2D Gold Fish | High-Res Anime XL
Details
Download Files
About this version
Model description
This model is a small finetune and lora merge of Seele-NoobAI-SDXL v2.1. This model and Seele is based on Noob 1.0 Vpred.
The goal of this model is to produce high quality 2d flat anime and backgrounds.
The main factor that differentiates this model from others is the ability to natively generate images as high as 2048x2048. Every image posted above was natively generated. No upscaling, no post editing, no inpainting at all.
Why use this model?
It can create true 2d anime in a flat/anime screencap style
It can produce illustration grade backgrounds
It can generate images up to 2048x2048, no need to upscale if you don't want to
It's noob based and also v-pred, so that means you gain access to all of noobs knowledge and the benefits of v-pred
Noob/Illustrious loras seem to work for the most part (haven't tested too many)
Where does it suck?
Hands and feet are a hit and miss.
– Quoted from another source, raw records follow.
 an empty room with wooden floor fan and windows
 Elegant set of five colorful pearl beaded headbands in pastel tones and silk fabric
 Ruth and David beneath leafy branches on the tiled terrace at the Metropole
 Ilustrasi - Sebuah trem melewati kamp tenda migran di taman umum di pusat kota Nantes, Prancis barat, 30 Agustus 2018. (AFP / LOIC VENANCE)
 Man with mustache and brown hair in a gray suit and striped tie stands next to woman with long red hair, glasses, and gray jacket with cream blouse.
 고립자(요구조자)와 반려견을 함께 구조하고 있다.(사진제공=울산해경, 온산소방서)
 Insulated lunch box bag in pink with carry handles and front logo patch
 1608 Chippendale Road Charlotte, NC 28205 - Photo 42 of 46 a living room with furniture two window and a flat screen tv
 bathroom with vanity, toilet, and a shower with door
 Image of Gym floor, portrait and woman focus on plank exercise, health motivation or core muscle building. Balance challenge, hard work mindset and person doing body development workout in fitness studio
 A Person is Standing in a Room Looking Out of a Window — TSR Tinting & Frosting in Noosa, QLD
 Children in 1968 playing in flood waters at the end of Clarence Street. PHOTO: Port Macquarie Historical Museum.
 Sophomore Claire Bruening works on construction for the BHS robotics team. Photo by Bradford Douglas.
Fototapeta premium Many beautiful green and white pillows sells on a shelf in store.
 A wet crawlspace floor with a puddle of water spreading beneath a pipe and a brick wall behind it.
When you generate at 2048x2048 or any unrecommended resolution, things can break more often than not. Due to the 2d style bias, some artist and loras will be affected. Some background types are particularly unsavory. Like cities and indoor environments.
How to use?
The prompt follows the formatting from Seele. Start your prompt using Danbooru tags to describe your image. At the end of your prompt, put:
masterpiece,best quality,absurdres,highres,high resolution,
As for the negative, all you need is:
worst quality
Here are a few negative recommendations I feel will help your image.
bad perspective: This helps with the backgrounds a bit.
too many fingers,bad hands: This and other hand related tags can help by placing emphasis on the hands when you're trying to correct them.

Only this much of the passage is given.